Прощаясь со мною, он был любезен, пожелал нам полного успеха и, между прочим, подарил мне резиновую палку.
– Возьмите ее на всякий случай, – сказал он, улыбаясь.
X
Тем временем мои занятия в Пажеском корпусе шли своим чередом. Полковник Фогель, который готовил меня к репетициям, по-прежнему приходил ко мне и часами объяснял мне военные науки.
Изредка бывал я у Распутина, подчиняясь необходимости поддерживать с ним отношения. Как ни был гадок мне этот человек, но еще более гадко было сидеть у него, разговаривать с ним. Эти посещения были для меня настоящей пыткой.
Однажды я зашел к нему за несколько дней до возвращения в Петербург Великого Князя Димитрия Павловича и Пуришкевича.

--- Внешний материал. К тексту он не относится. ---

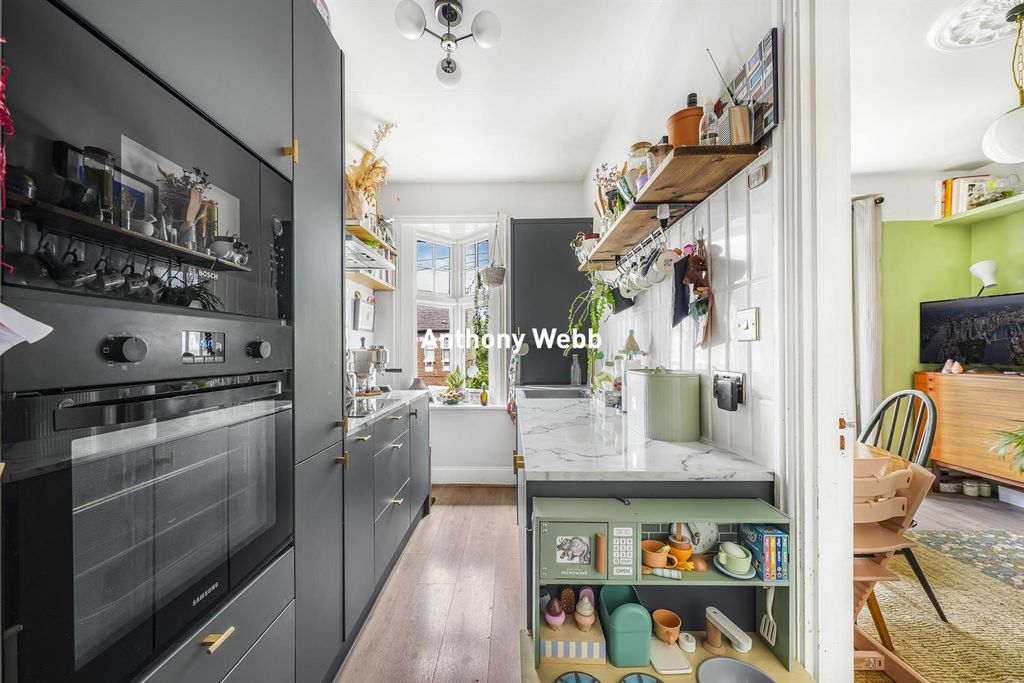 Property photo 3 of 16 Kitchen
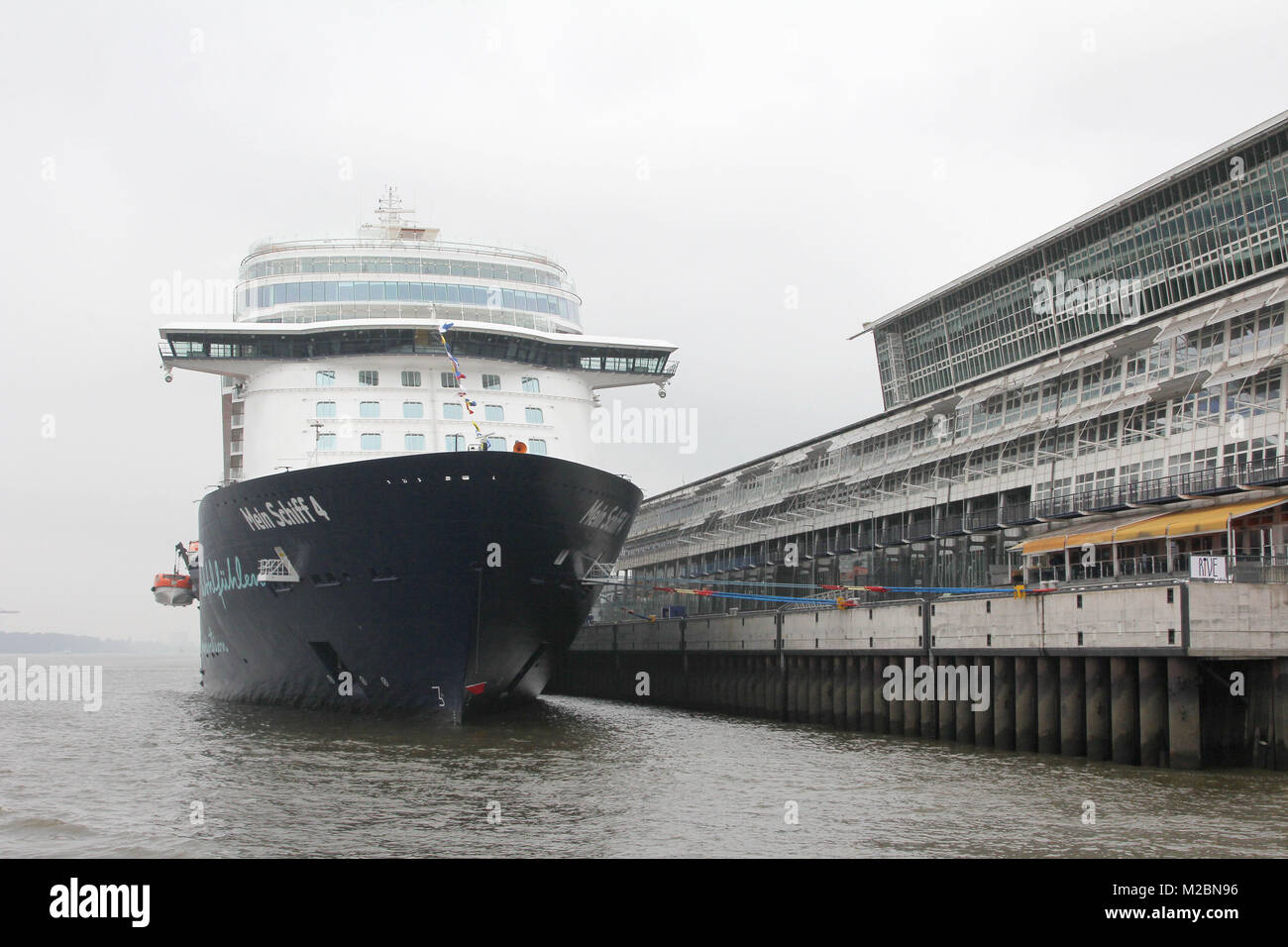 Mein Schiff 4 Cruise Days Hamburg 13092015 Stock Photo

Распутин был в самом радостном настроении.
– Что это вы так веселы? – спросил я его.
– Да уж больно хорошее дельце-то сделал. Теперича не долго ждать – скоро и на нашей улице будет праздник.
– А в чем дело? – заинтересовался я.
– В чем дело, в чем дело? – старался передразнить меня Распутин. – Вот ты боишься меня, – продолжал он, – и перестал ко мне ходить, а много кой-чего интересного есть у меня тебе порассказать... А вот и не скажу, потому боишься меня, опасаешься всего, а коли бы ты не боялся, – рассказал бы.
Я объяснил ему, что готовился все время к репетициям в корпусе, очень был занят и никак не мог вырваться, потому только и не приходил к нему. Но на все мои доводы Распутин твердил свое:
– Знаю, знаю, боишься меня, да и родные тебе не дозволяют. Мамаша твоя, небось за одно с Лизаветой[15]... Обе только и думают, как бы меня отсюда спровадить. Да, нет, не удастся им, не послушают их. Уж так-то меня любят в Царском, так любят. И что больше напротив меня говорят, то больше и любят... Вот как!
– Григорий Ефимович, – сказал я, – ведь вы в Царском себя иначе ведете: вы там только о Боге и разговариваете, оттого вам и верят.
– Что ж, милый, мне о Боге с ними не говорить? Они все люди благочестивые, любят такую беседу... Все они понимают, все прощают и меня ценят... А насчет того, что им худое про меня наговаривают – это все ни к чему; все одно они худому не поверят, что ни говори... Я им и сам сказывал: будут, говорю, на меня клеветать, а вы вспомните, как Христа гнали – Он тоже за правду страдал. Ну вот они всех и выслушивают, а сделают по-своему, как им совесть велит.